Instructions to follow> Leaving out the images, reproduce every line of the data that follows exactly.
--- Data supplied Enclosed Below ---
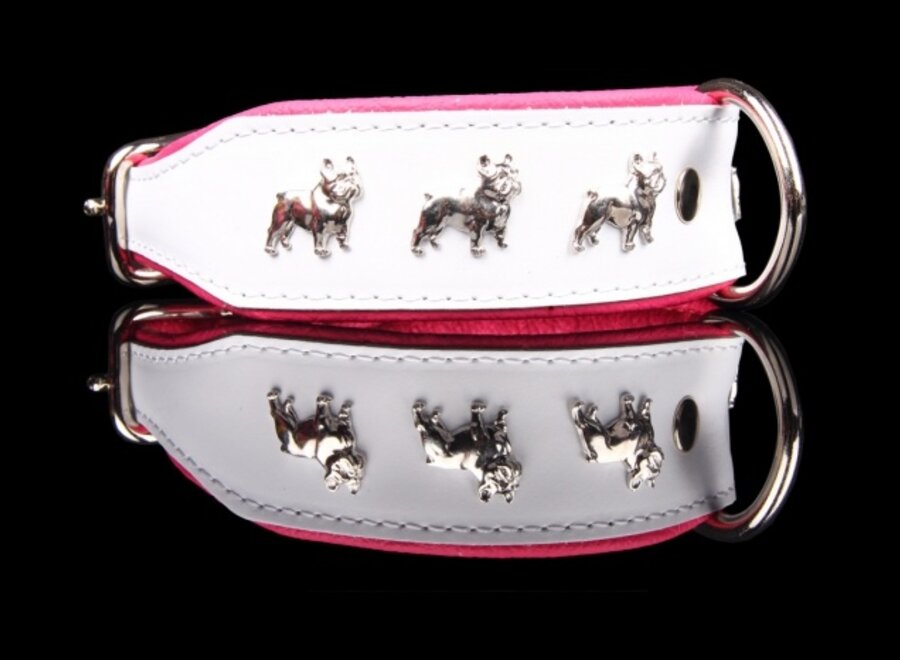 Leather dog collar French Bulldog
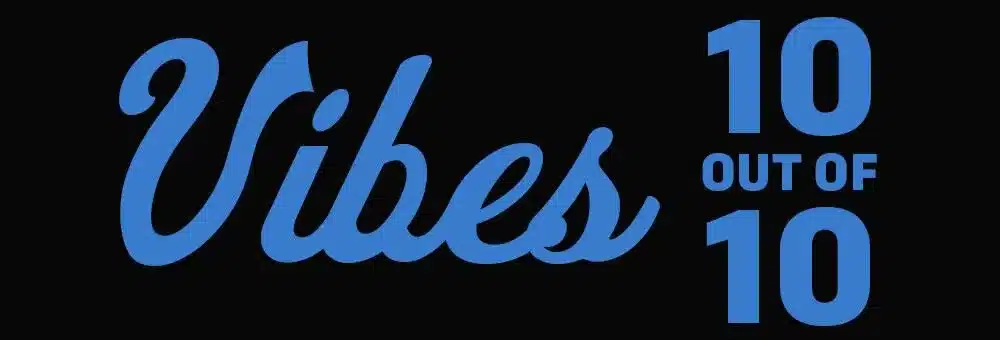 Vibes 10 out of 10 logo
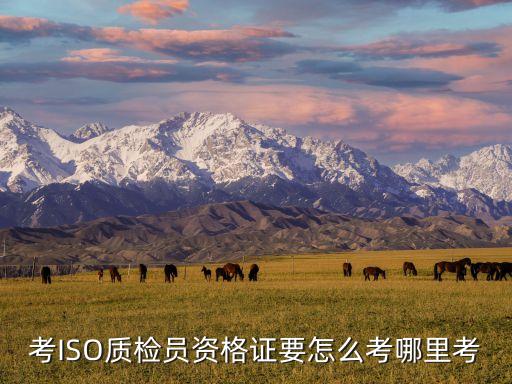 質(zhì)檢員證書，工程質(zhì)檢員證有用嗎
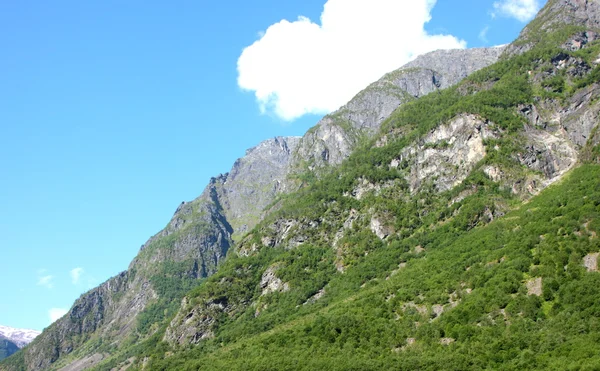 Bergssidan i Norge under våren — Stockfoto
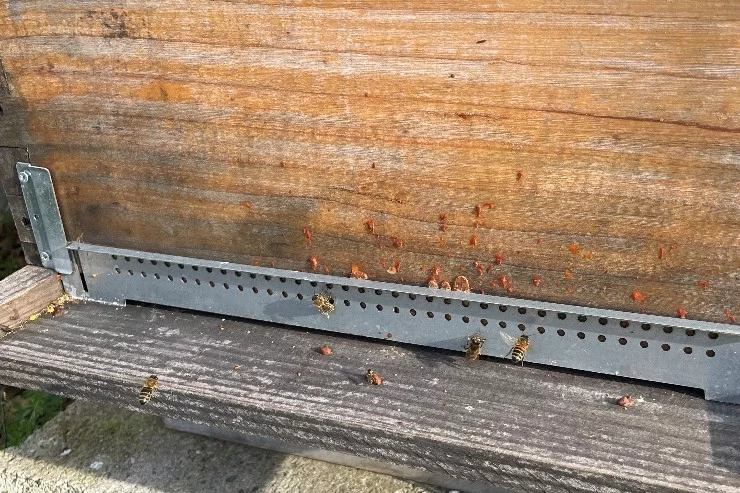 Les Ruchers de Miremont à Miremont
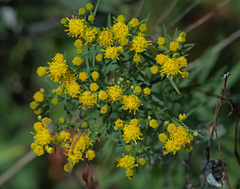Galatella biflora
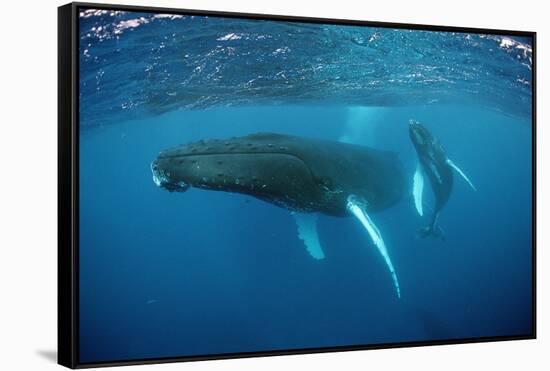 Humpback Whale-Reinhard Dirscherl-Framed Stretched Canvas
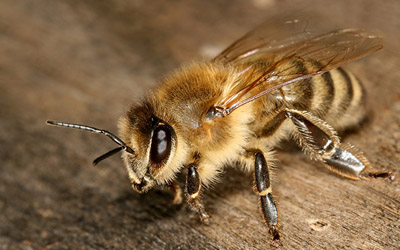 Italian Bee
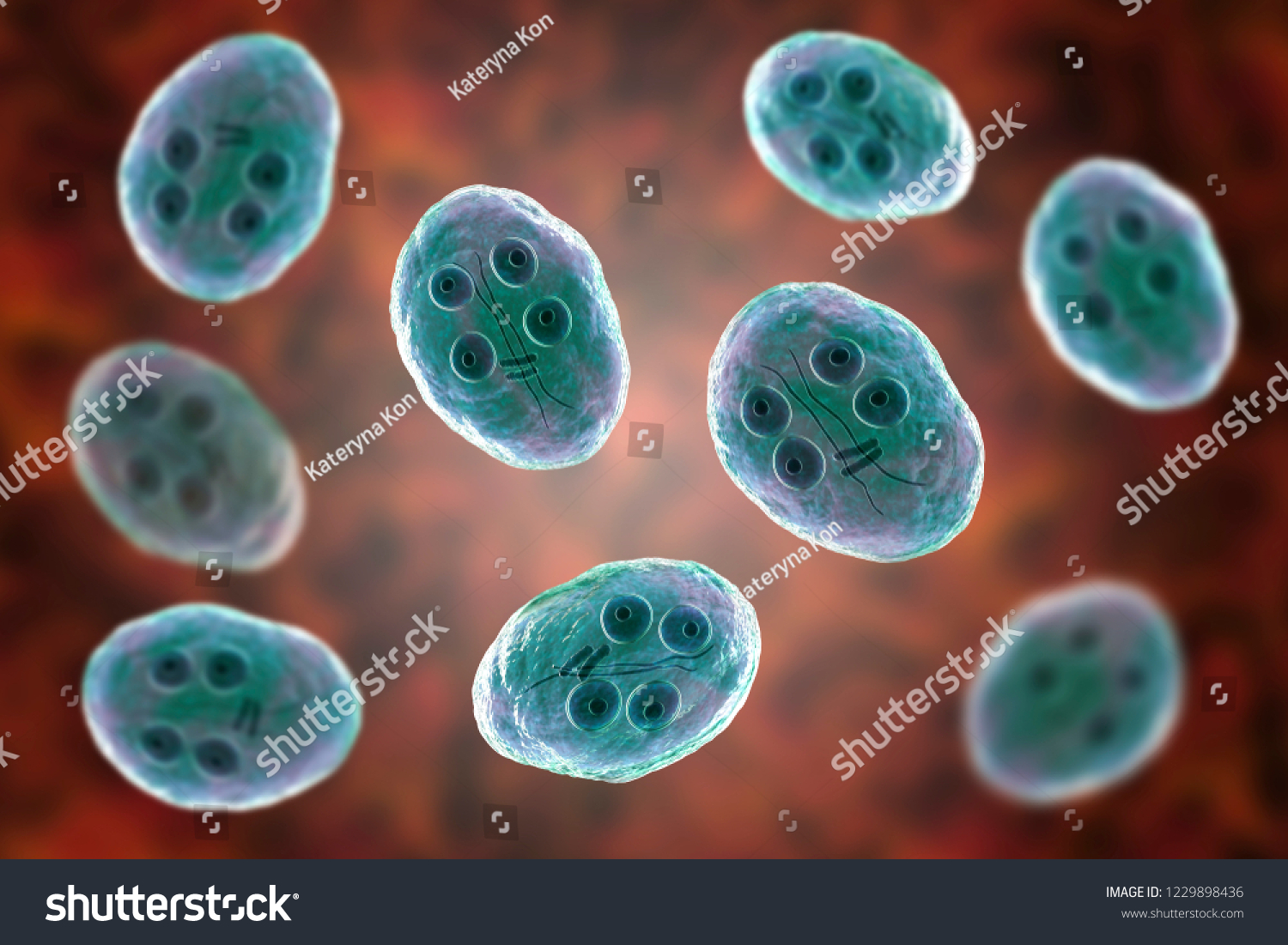 Cyst Giardia Intestinalis Protozoan Formely Known Stock Illustration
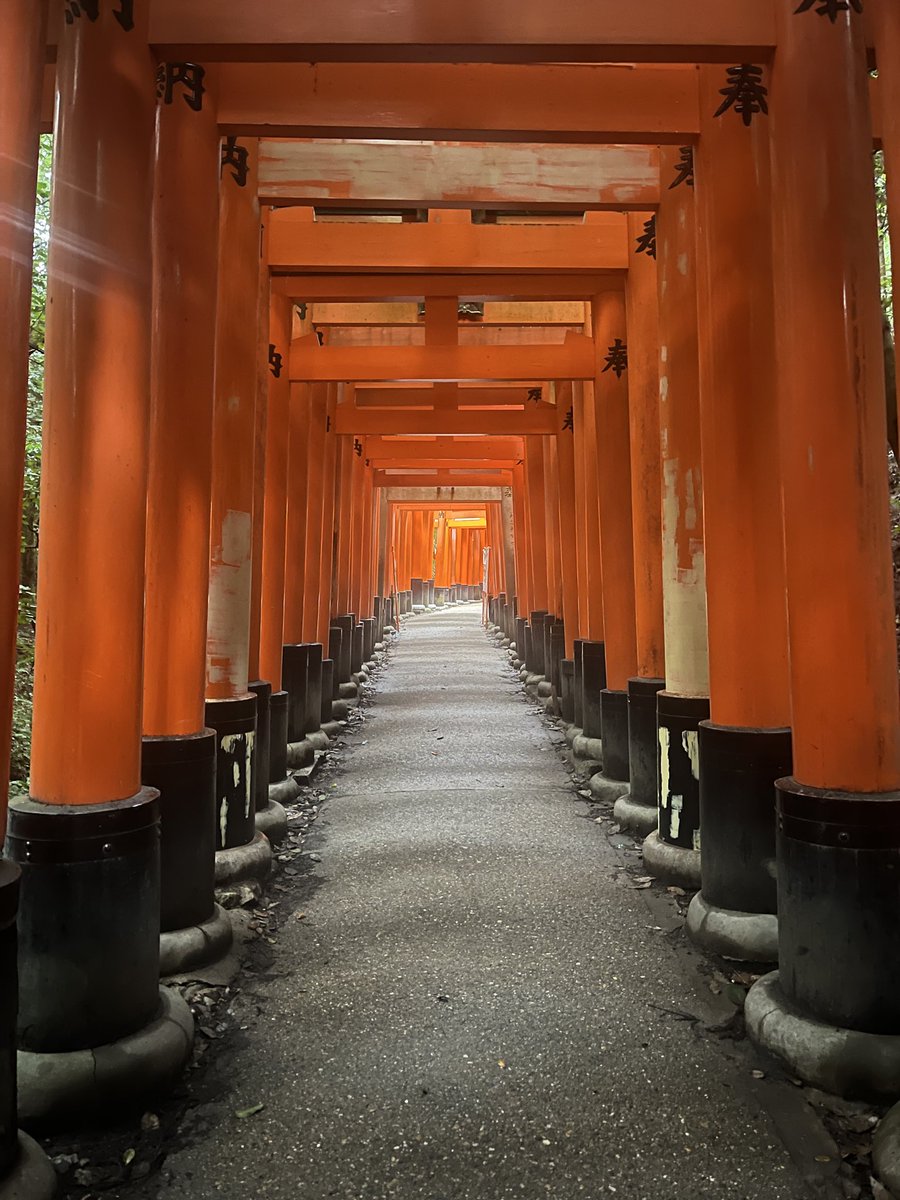 AstroMakotoSuwa's tweet photo. 今朝は伏見稲荷まで参拝ラン⛩️🏃

朝から少し蒸し暑い京都ですが、緑の中を走ると気持ちがいい。自然を感じながら走るのも、また良いものです。

今日も一日、頑張ります！ https://t.co/3JX4MAjsaz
--- End of Enclosed Data supplied ---
Exercise answer>
 Leather dog collar French Bulldog
 Vibes 10 out of 10 logo
 質(zhì)檢員證書，工程質(zhì)檢員證有用嗎
 Bergssidan i Norge under våren — Stockfoto
 Les Ruchers de Miremont à Miremont
Galatella biflora
 Humpback Whale-Reinhard Dirscherl-Framed Stretched Canvas
 Italian Bee
 Cyst Giardia Intestinalis Protozoan Formely Known Stock Illustration
 AstroMakotoSuwa's tweet photo. 今朝は伏見稲荷まで参拝ラン⛩️🏃

朝から少し蒸し暑い京都ですが、緑の中を走ると気持ちがいい。自然を感じながら走るのも、また良いものです。

今日も一日、頑張ります！ https://t.co/3JX4MAjsaz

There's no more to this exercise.